Золя, который продолжал твердить о своем отвращении к политике, убедительно показывает в этом романе возрастающее влияние идей социализма. Он ознакомился с сочинениями Фурье, Геда, Прудона, Маркса. Борьба крупных коммерсантов против лавочников — это относится к социализму; детерминизм, рассматриваемый как неизбежность, — это относится к художественному методу романиста. Таковы главные идеи, лежащие в основе книги. Но она содержит и многое другое.
«Дамское счастье» является чуть ли не предвестником грядущих событий (как «Мечта»). Всем поэтам, всем романистам знакома одна удивительная особенность литературного вымысла. Ее можно было бы охарактеризовать следующим образом: то, о чем написано со страстью, непременно произойдет в жизни. Золя, с его крайне обостренной восприимчивостью, был провидцем.
Изображая подоплеку борьбы крупного капитала против мелких торговцев, он вводит в роман образ продавщицы Денизы, в которую влюбляется Октав Муре. Через восприятие этой девушки из бедной семьи показаны возникающие в жизни социальные конфликты.

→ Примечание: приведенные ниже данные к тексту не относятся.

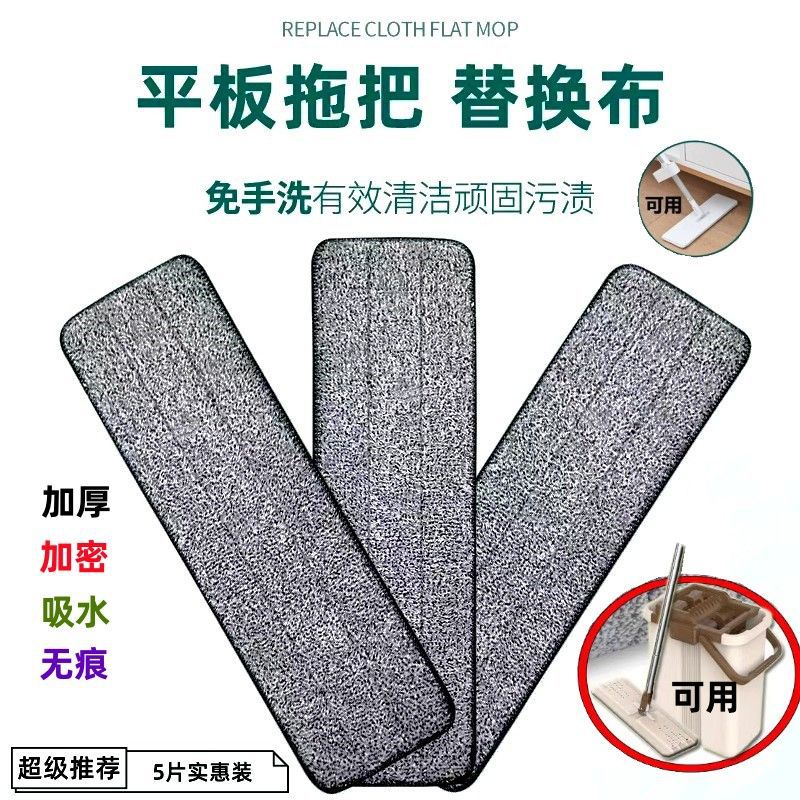 Замена ткани для плоского мопа, ленивый моп, замена ткани TikTok, без царапин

«С самого своего поступления в „Дамское счастье“ она была удручена жалкой долей служащих; ее возмущали внезапные увольнения, она их считала неразумными и несправедливыми, приносящими вред и служащим и фирме… И Дениза выступила в защиту этих колесиков механизма, основываясь при этом не на сентиментальных соображениях, а на интересах самих хозяев… Порою Дениза воодушевлялась, ей представлялся огромный идеальный магазин, фаланстер торговли, где каждый по заслугам получает свою долю прибылей и где ему по договору обеспечено безобидное будущее. Тогда Муре, несмотря на свое лихорадочное состояние, начинал шутить. Он укорял ее в приверженности к социализму… Он слушал ее, смущенный и очарованный звуком ее молодого голоса, еще дрожавшего от пережитых страданий, когда она с такой убежденностью начинала говорить о реформах… Он слушал, подтрунивая над нею, а тем временем участь служащих понемногу улучшалась: вместо массовых увольнений во время мертвых сезонов были введены отпуска; наконец, предполагалось устроить кассу взаимопомощи… Это было зародышем крупных рабочих организаций двадцатого века»[99].